START Data block

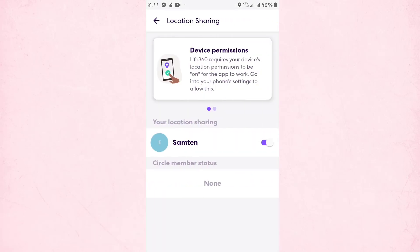The other way is to tap on Location Sharing and turn off the location. If you turn off the location, it pauses your location on the Life 360 app and they will not be able to locate you. If you turn on this feature, then they will be able to see your location.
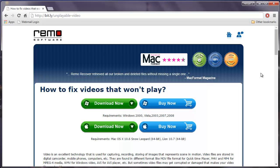Hey there friends. In this video I will show you how you can fix unplayable videos on your computer by making use of video repair software.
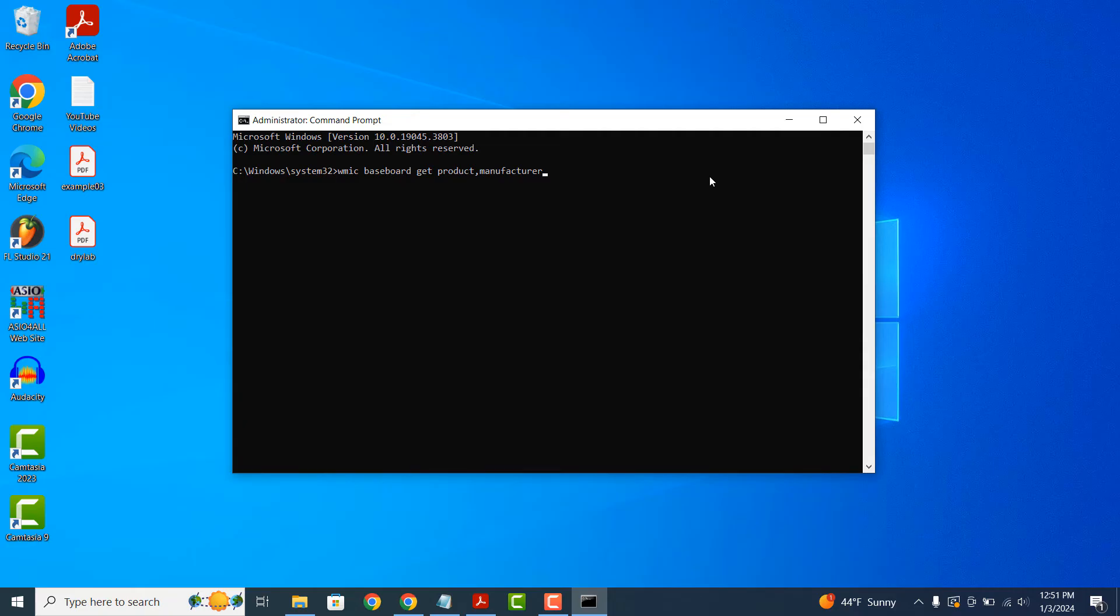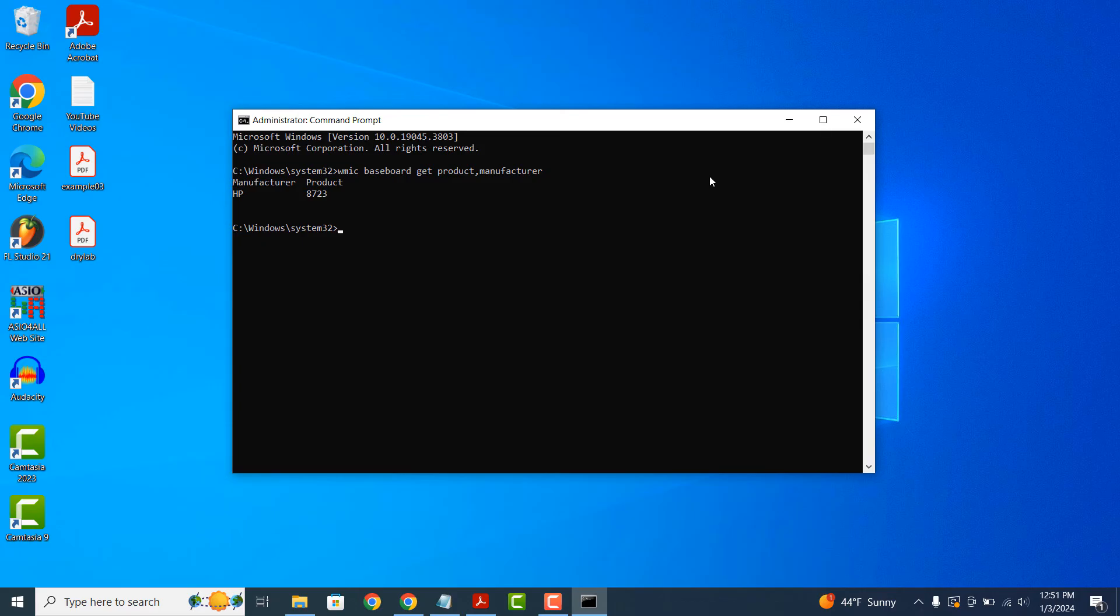Once you've entered the command, hit the enter key on your keyboard. Your computer's baseboard manufacturer name and product model number will now be displayed. As you can see, my laptop has a HP 8723 motherboard installed.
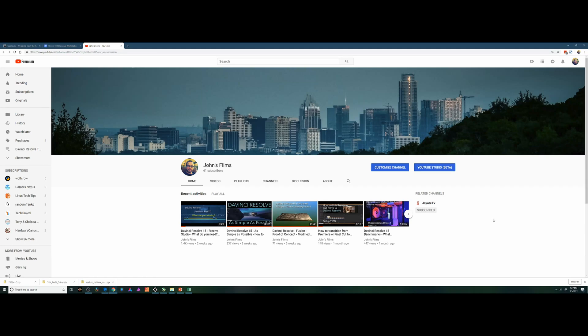Hi, and welcome to John's Films. If you're here, you've probably seen the previous benchmarking I did on a high-end and low-end PC.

END Data block

— What you need to do —
Give the listing again exactly, but omit each image.

— Solution to this task —
The other way is to tap on Location Sharing and turn off the location. If you turn off the location, it pauses your location on the Life 360 app and they will not be able to locate you. If you turn on this feature, then they will be able to see your location.
Hey there friends. In this video I will show you how you can fix unplayable videos on your computer by making use of video repair software.
Once you've entered the command, hit the enter key on your keyboard. Your computer's baseboard manufacturer name and product model number will now be displayed. As you can see, my laptop has a HP 8723 motherboard installed.
Hi, and welcome to John's Films. If you're here, you've probably seen the previous benchmarking I did on a high-end and low-end PC.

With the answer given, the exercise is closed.